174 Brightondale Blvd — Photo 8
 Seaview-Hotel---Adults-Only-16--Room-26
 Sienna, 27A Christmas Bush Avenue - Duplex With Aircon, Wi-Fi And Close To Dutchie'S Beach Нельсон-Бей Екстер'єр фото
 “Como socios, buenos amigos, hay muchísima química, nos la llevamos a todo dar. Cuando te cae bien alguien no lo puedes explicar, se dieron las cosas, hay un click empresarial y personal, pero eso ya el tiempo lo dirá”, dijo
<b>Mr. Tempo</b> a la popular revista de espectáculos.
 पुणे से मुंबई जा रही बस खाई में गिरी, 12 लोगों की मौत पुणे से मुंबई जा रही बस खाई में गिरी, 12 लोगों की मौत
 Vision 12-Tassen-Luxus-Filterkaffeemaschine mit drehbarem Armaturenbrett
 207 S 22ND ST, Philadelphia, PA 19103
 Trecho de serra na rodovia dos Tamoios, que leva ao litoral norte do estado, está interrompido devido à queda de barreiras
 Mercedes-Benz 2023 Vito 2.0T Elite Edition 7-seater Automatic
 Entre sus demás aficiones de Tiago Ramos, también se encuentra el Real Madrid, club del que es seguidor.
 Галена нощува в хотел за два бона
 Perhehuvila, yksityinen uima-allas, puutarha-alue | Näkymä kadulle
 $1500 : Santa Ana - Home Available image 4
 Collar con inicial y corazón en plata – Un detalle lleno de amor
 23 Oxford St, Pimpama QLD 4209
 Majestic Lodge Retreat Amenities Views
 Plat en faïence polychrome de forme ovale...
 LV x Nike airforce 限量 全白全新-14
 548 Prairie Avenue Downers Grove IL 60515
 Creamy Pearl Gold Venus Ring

════════════════════

### Try it
Scan the listing above for the word "Avenue" and copy every line that holds it.

### Written solution
 Sienna, 27A Christmas Bush Avenue - Duplex With Aircon, Wi-Fi And Close To Dutchie'S Beach Нельсон-Бей Екстер'єр фото
 548 Prairie Avenue Downers Grove IL 60515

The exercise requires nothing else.